**Instructions for the task**
A precise reproduction of every record below is needed, minus the pictures.

**Material for this exercise**
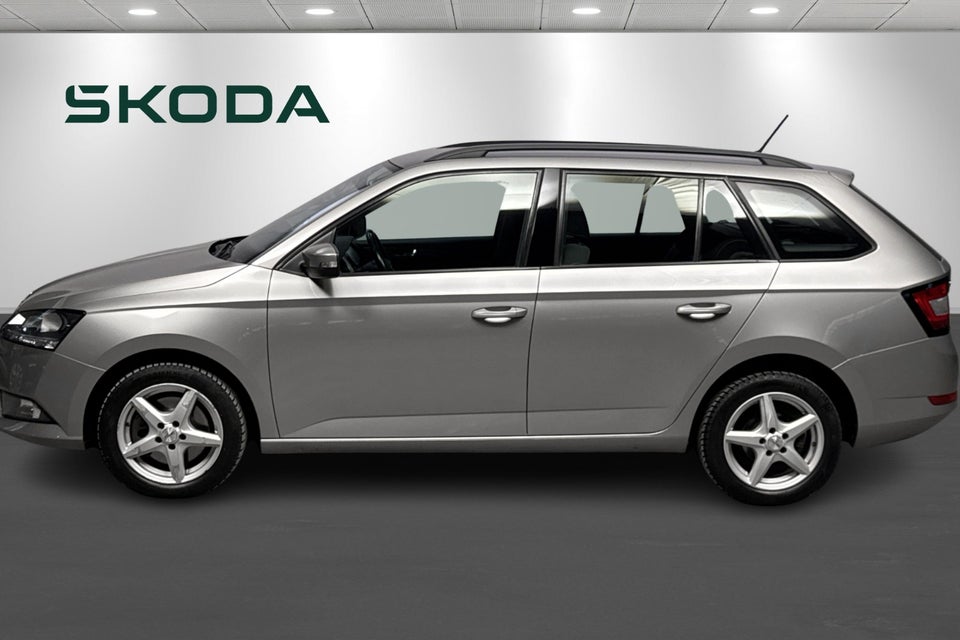 Skoda Fabia 1,0 TSi 110 Ambition Combi DSG 5d
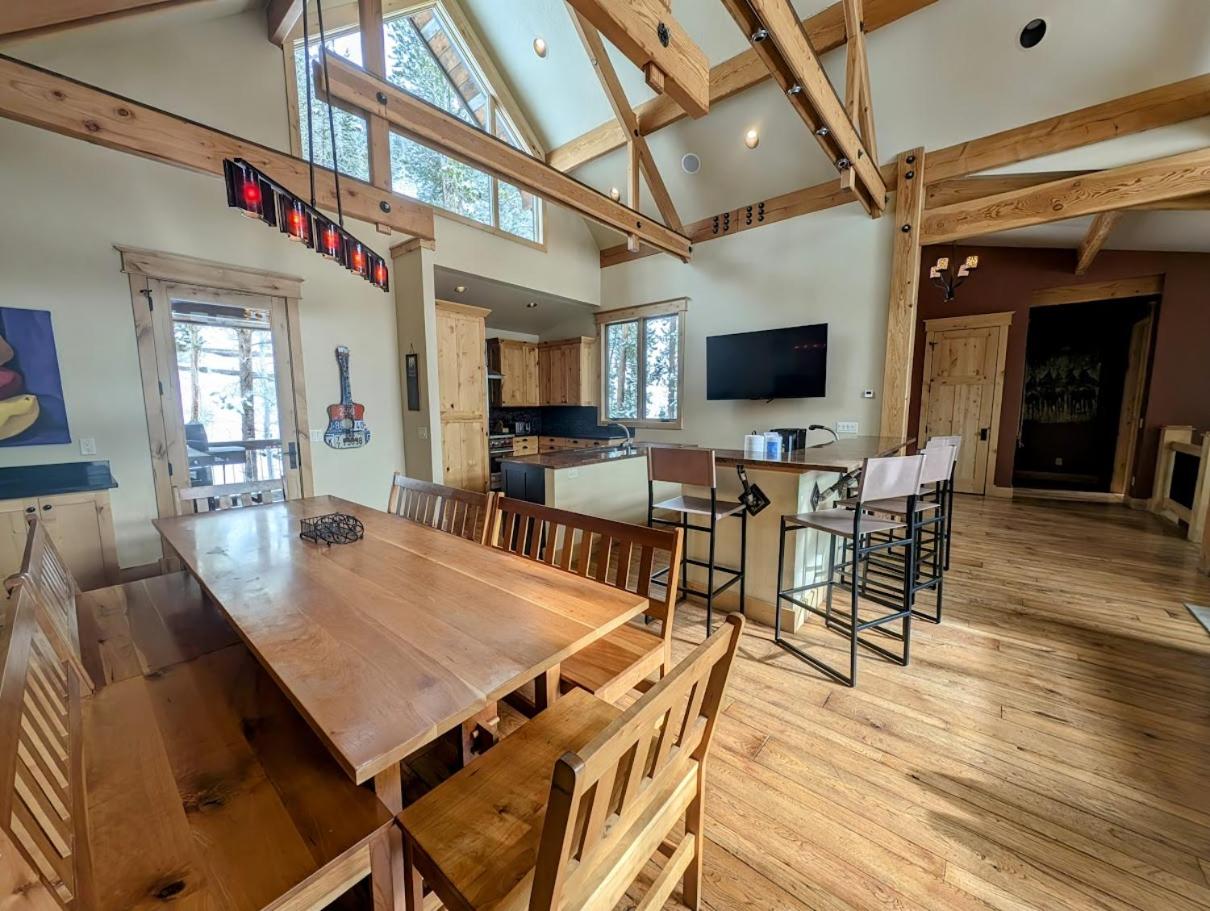 Keystone Prospectors Home 669 by SummitCove Lodging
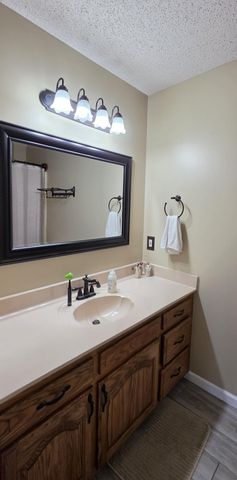 6863 W Cactus Street, Springfield, MO 65803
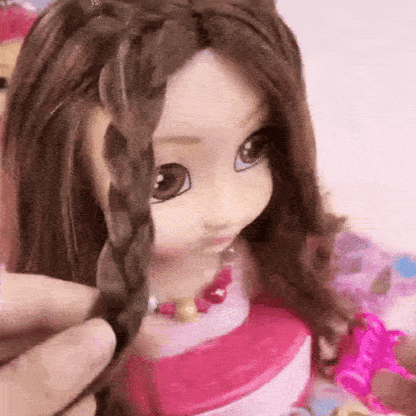 Dolly Blink - Muñeca a tamaño real para maquillar y peinar con tocador, pelo realista y 21 accesorios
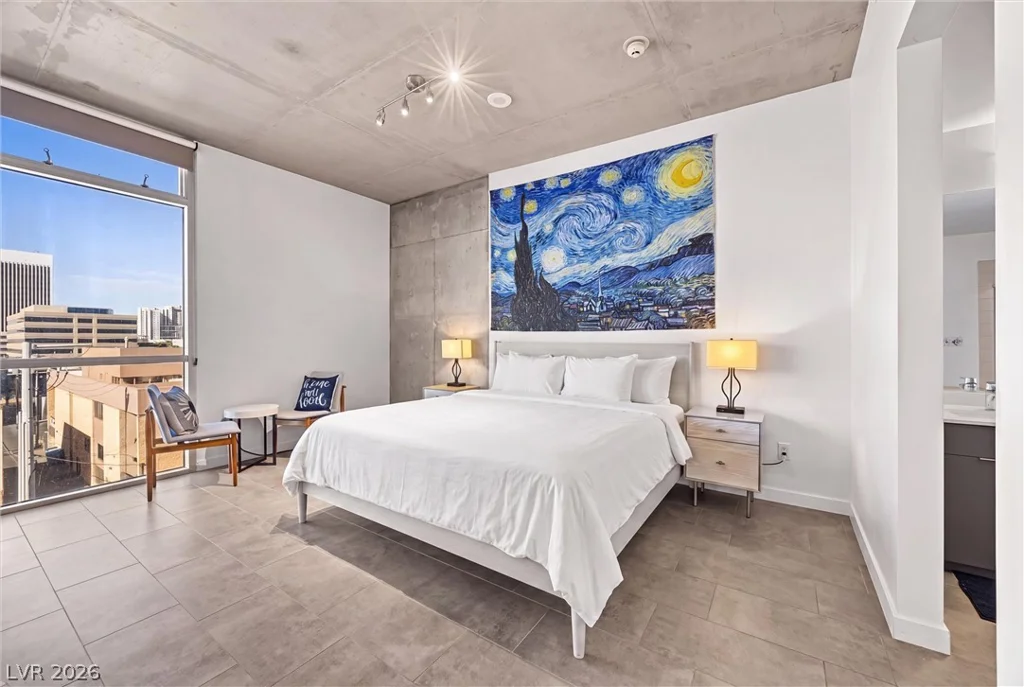 353 Bonneville, Las Vegas, NV 89101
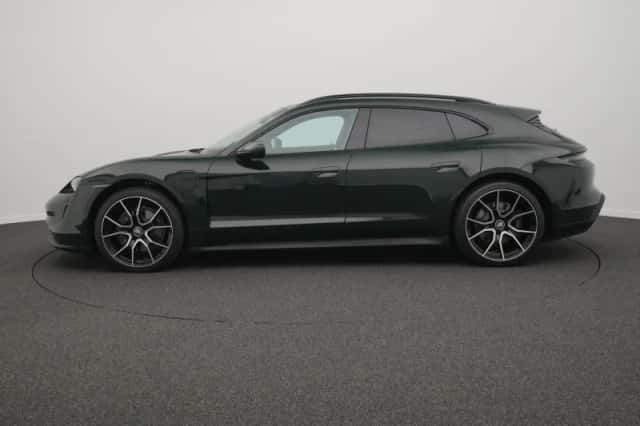 Porsche Taycan (2023) thumbnail 2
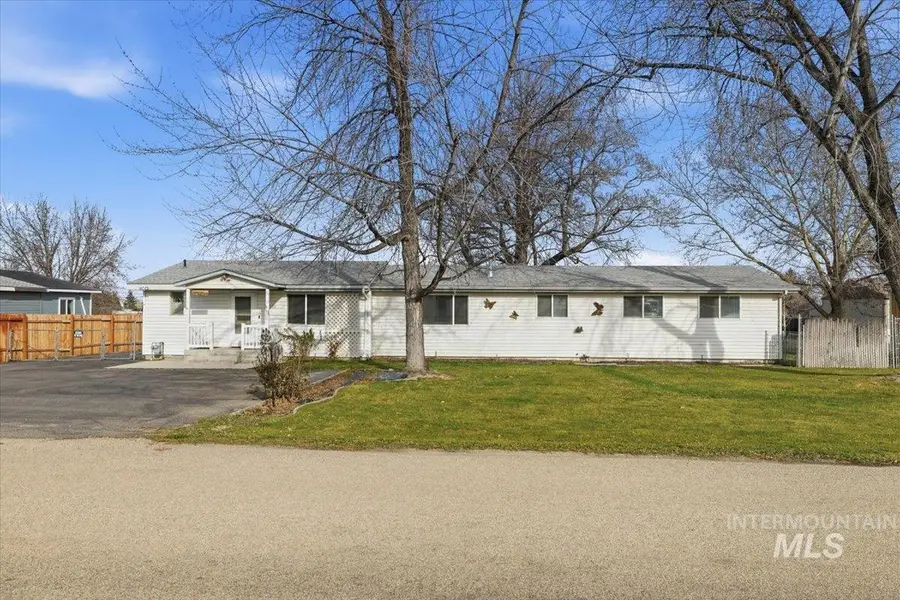 6222 E Carson Ave, Nampa, ID 83687 - Image #3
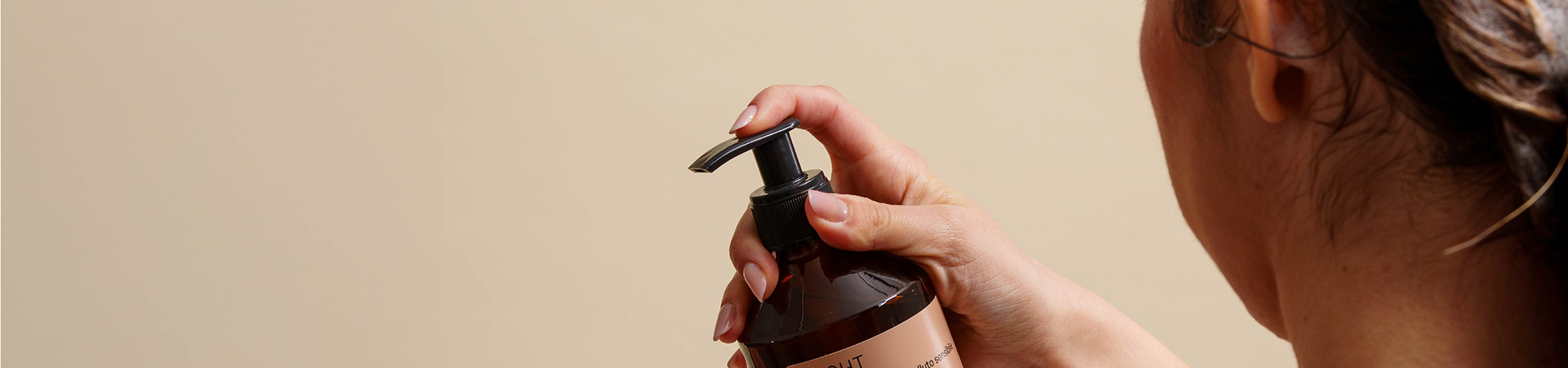 НАРАЩИВАНИЕ ВОЛОС: ПОЛНЫЙ ГИД ПО ПРОЦЕДУРЕ, ВИДАМ И УХОДУ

**Exercise answer**
 Skoda Fabia 1,0 TSi 110 Ambition Combi DSG 5d
 Keystone Prospectors Home 669 by SummitCove Lodging
 6863 W Cactus Street, Springfield, MO 65803
 Dolly Blink - Muñeca a tamaño real para maquillar y peinar con tocador, pelo realista y 21 accesorios
 353 Bonneville, Las Vegas, NV 89101
 Porsche Taycan (2023) thumbnail 2
 6222 E Carson Ave, Nampa, ID 83687 - Image #3
 НАРАЩИВАНИЕ ВОЛОС: ПОЛНЫЙ ГИД ПО ПРОЦЕДУРЕ, ВИДАМ И УХОДУ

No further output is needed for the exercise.